I have personally a very good experience of implementing shorter periods of intermittent fasting (approximately 24 to 36 hours) every now and then – up to once a week, actually. One such intermittent fasting is defined by simply not eating any solid food or not to drink anything other but water. The purpose of this course is not trigger off any blood sugar rush which is followed by insulin secretion. In my experience, the best and most effective 24-hours intermittent fasting runs from dinner to dinner, as you’ve already completed half the intermittent fast during the night while asleep.
Many may believe that 24 hours without food is pure torture, leaving you on the verge of a physical and mental collapse. Possibly, it may honestly be so the first few times, especially if you are extremely driven by sugar. But as you may know, it is indeed the presence of insulin (which kicks in after eating sugar and carbohydrates) in the blood, which triggers appetite and cravings. However, during the period of intermittent fasting, the insulin doesn’t kick in and appetite or the typical craving is not at all present in the same way.
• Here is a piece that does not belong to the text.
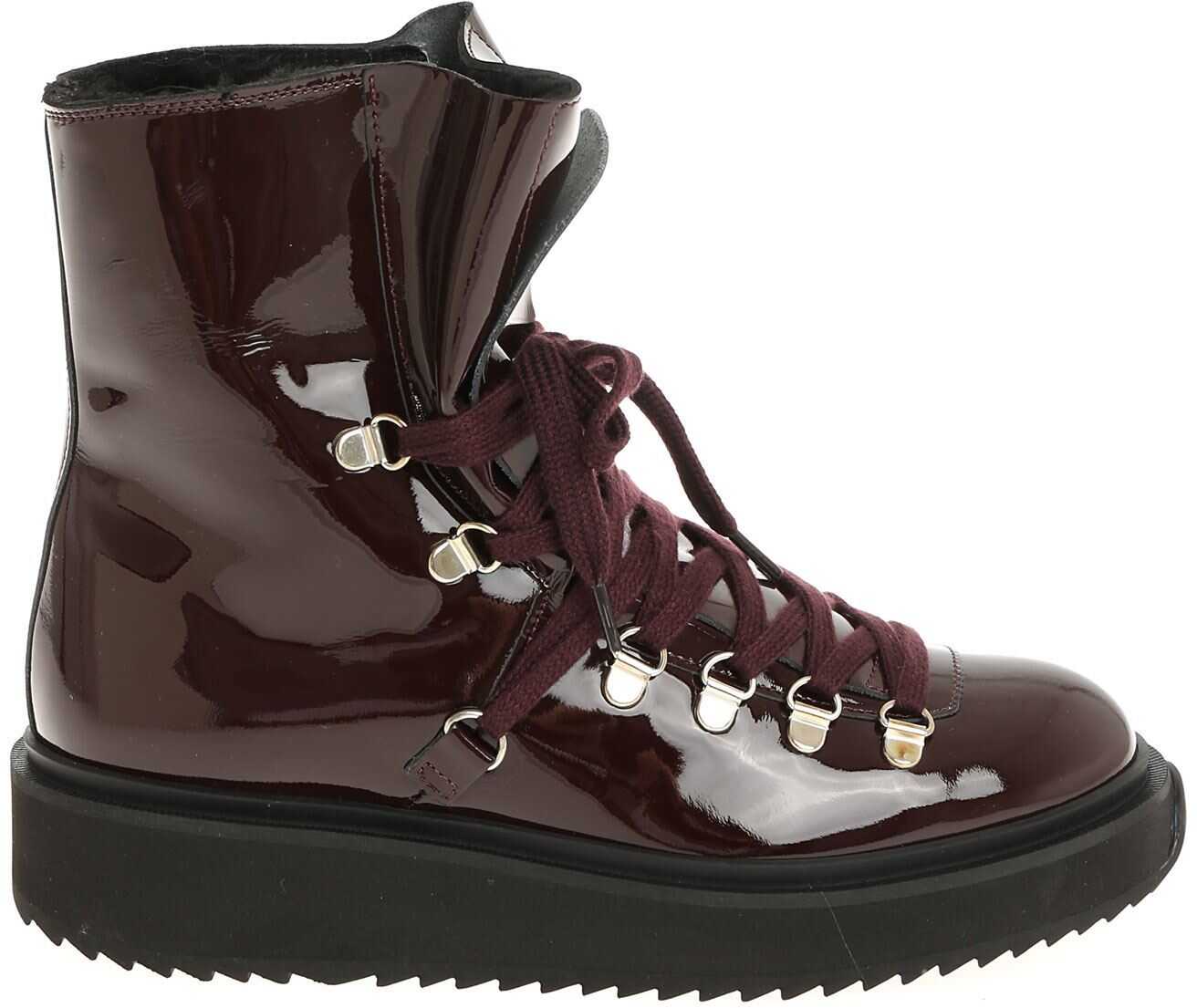 Gheata Kenzo Alaska Bordeaux Boots Red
Additionally, living the LCHF lifestyle the blood sugar levels are never very high anyway so the step to intermittent fasting is not that big.
The reasons for intermittent fast and its positive physical effects are many:
- Non-existent insulin levels, which regulate appetite and metabolism.
- An even energy level throughout the day.
- Fat burning increases dramatically, especially in the absence of insulin.
- Weight loss.
- Growth hormone, hGH, is secreted in higher degree than otherwise.
- Breaking any obsessions with food or certain foods.
- You learn to recognize hunger and appetite and to avoid routine eating done automatically regardless of saturation.
- You give digestion a rest and blood flow is diverted to other parts of your body.
- Productivity in your day-to-day life is increased when all is not about food and eating.
I have practiced a 24-hour intermittent fast on and off the last year. Initially I was surely critical to it as I was surrounded by a culture and lifestyle where it is expected always to eat and refill stores after exercise. However, I’ve been very happy with the results.
During the days of intermittent fast I have exercised more or less as usual with 2-4 shorter workouts with a total up to four hours all in all. Not once have I felt low in energy or dropped in blood sugar. Fat loss has been optimized and insulin levels have been very low. In contrast to what you might think I have felt strong and energetic. The only adverse reaction that I have experienced has been a slight emptiness in the stomach time to time. I’ve neither eaten more than usual prior or after the period of intermittent fast. I have actually rather put more thoughts into what I’ve eaten.